Data records

====

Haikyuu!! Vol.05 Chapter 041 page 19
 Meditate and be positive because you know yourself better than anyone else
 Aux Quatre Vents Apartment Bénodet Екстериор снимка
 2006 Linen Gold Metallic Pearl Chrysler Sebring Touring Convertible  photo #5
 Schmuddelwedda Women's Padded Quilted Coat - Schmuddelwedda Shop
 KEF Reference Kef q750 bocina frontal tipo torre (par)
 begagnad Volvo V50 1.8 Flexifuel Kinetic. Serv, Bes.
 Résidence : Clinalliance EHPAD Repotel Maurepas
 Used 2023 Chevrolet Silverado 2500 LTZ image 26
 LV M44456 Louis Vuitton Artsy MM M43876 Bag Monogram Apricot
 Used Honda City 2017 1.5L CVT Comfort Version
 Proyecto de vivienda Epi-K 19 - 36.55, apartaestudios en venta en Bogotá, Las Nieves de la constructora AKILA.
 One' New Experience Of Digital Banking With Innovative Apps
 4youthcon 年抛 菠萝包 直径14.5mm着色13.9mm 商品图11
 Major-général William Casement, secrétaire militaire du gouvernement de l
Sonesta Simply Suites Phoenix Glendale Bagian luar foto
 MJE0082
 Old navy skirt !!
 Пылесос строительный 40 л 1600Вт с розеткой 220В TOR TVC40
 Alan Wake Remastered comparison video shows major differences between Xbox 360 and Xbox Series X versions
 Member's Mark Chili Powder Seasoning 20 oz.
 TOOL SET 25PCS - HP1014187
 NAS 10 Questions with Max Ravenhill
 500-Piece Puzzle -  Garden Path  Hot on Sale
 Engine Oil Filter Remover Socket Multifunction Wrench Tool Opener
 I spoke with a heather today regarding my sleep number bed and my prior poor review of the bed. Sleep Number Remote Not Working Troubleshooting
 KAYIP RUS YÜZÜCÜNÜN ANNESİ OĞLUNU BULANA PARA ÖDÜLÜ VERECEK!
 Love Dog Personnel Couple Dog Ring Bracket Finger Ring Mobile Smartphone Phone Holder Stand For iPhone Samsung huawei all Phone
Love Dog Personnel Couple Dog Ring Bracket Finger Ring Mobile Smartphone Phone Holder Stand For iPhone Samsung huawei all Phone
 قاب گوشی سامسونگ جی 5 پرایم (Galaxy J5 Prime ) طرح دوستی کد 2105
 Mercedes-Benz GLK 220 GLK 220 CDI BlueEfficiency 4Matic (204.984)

====

## WHAT THIS TASK INVOLVES
The records shown above should be given again word for word.

## RESULT
Haikyuu!! Vol.05 Chapter 041 page 19
 Meditate and be positive because you know yourself better than anyone else
 Aux Quatre Vents Apartment Bénodet Екстериор снимка
 2006 Linen Gold Metallic Pearl Chrysler Sebring Touring Convertible  photo #5
 Schmuddelwedda Women's Padded Quilted Coat - Schmuddelwedda Shop
 KEF Reference Kef q750 bocina frontal tipo torre (par)
 begagnad Volvo V50 1.8 Flexifuel Kinetic. Serv, Bes.
 Résidence : Clinalliance EHPAD Repotel Maurepas
 Used 2023 Chevrolet Silverado 2500 LTZ image 26
 LV M44456 Louis Vuitton Artsy MM M43876 Bag Monogram Apricot
 Used Honda City 2017 1.5L CVT Comfort Version
 Proyecto de vivienda Epi-K 19 - 36.55, apartaestudios en venta en Bogotá, Las Nieves de la constructora AKILA.
 One' New Experience Of Digital Banking With Innovative Apps
 4youthcon 年抛 菠萝包 直径14.5mm着色13.9mm 商品图11
 Major-général William Casement, secrétaire militaire du gouvernement de l
Sonesta Simply Suites Phoenix Glendale Bagian luar foto
 MJE0082
 Old navy skirt !!
 Пылесос строительный 40 л 1600Вт с розеткой 220В TOR TVC40
 Alan Wake Remastered comparison video shows major differences between Xbox 360 and Xbox Series X versions
 Member's Mark Chili Powder Seasoning 20 oz.
 TOOL SET 25PCS - HP1014187
 NAS 10 Questions with Max Ravenhill
 500-Piece Puzzle -  Garden Path  Hot on Sale
 Engine Oil Filter Remover Socket Multifunction Wrench Tool Opener
 I spoke with a heather today regarding my sleep number bed and my prior poor review of the bed. Sleep Number Remote Not Working Troubleshooting
 KAYIP RUS YÜZÜCÜNÜN ANNESİ OĞLUNU BULANA PARA ÖDÜLÜ VERECEK!
 Love Dog Personnel Couple Dog Ring Bracket Finger Ring Mobile Smartphone Phone Holder Stand For iPhone Samsung huawei all Phone
Love Dog Personnel Couple Dog Ring Bracket Finger Ring Mobile Smartphone Phone Holder Stand For iPhone Samsung huawei all Phone
 قاب گوشی سامسونگ جی 5 پرایم (Galaxy J5 Prime ) طرح دوستی کد 2105
 Mercedes-Benz GLK 220 GLK 220 CDI BlueEfficiency 4Matic (204.984)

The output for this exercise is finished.